There are multiple valid ways to conceptualize what an information system is, and they all involve more than just the computer alone.  I turn your attention to Figure 1.  In my framing of what an information system is, it includes more than just the computer subsystem (which, in turn has its own subsystems of hardware, software, data, and networks).  An information system also includes the social subsystem (which, in turn, has its own subsystems of people, business processes, social structure, and culture).  And then, you have the often unpredictable dynamics that emerge when the computer subsystem and the social subsystem begin to interact. IS scholars have known about this for a long time; and, long ago, they already established one or another form of what you see in Figure 1  - such as Gordon Davis's classic textbook, Management Information Systems (first published in 1974); Lynne Markus' article, "Power, Politics, and MIS Implementation," published in the Communications of the ACM in 1983; and  Bostrom and Heinen's classic article, "MIS Problems and Failures: A Socio-Technical Perspective Part I: The Causes," which appeared in the very first issue of MIS Quarterly, in 1977.  These concepts are decades old, so I'm not advocating new concepts.  What I am advocating is a return to these concepts and to take them seriously.  The challenge facing us is to put the original meaning of the word "systems" back into the phrase "information systems."  And by the way, the meaning of the word "systems" is something that our sister field of operations research had forgotten, and unless we want the field of IS to suffer the same fate, we had better move away from the technocentric view that treats a computer as if it were an information system.

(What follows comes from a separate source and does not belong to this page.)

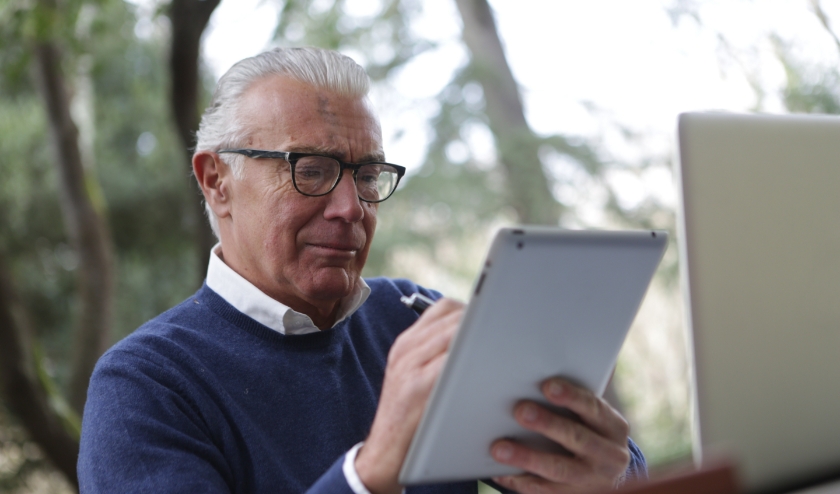 Niet iedereen is even vaardig met de tablet of smartphone. Met name ouderen hebben in dat opzicht vaak een achterstand. Met speciale lessen worden zij er ook handiger in.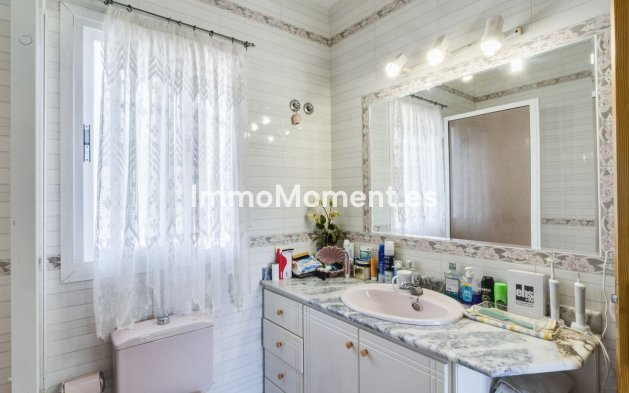 Resale - Villa - Marbella - Marbella Centro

Now, maybe what I'm saying is "old hat" to some of us, but "some of us" aren't everyone. For instance, there is what people in industry believe an information system to be.  For one example of the technocentric/non-systems view that a computer is an information system, I refer to a Fortune 500 company in the midwestern region of the U.S. where I've recently been attending meetings of senior-level managers involved in their company's roll out of a major ERP software.  After I sat through several meetings about their ERP implementation problems, it dawned on me how they see an information system: their theory-in-use of an information system is that it's a box containing hardware and software, and, in this view, what they see as needing to be done is to plug the box in, step back, and see it work.  In years past, I had an MBA student who captured this technocentric thinking in a glib phrase; in a class discussion on a Harvard Business school case that I was teaching, she described the company in the case as having an "appliance mentality" - they treated their information system as if it were something you simply buy and then plug in, like a refrigerator or washing machine.  And indeed, this explains what the Fortune 500 company with the ERP roll out is doing: their theory-in-use is to treat every implementation problem of their new ERP system as if their ERP were an appliance, like a washing machine, where the trick would be how to correctly "plug" it into this or that part of their company.  The executives in this company are treating personnel and business processes as afterthoughts to be retrofitted to a computer, instead of treating people and business processes as inseparable from, and interactive with, the technology in an overall information system. In other words, they aren't treating this problem as a system at all.  The senior management in this company has what I call a technology-only - or technocentric - view of what an information system is, and this stereotype is undermining their ERP implementation and their investment of millions of dollars in it.

To sum up, the systems challenge sounds deceptively simple, but that too, is part of the problem.  If we hope to manage and study information systems meaningfully, we must meet the challenge of seeing an information system as a system.  The alternative would be for our field to suffer the same fate that operations research did.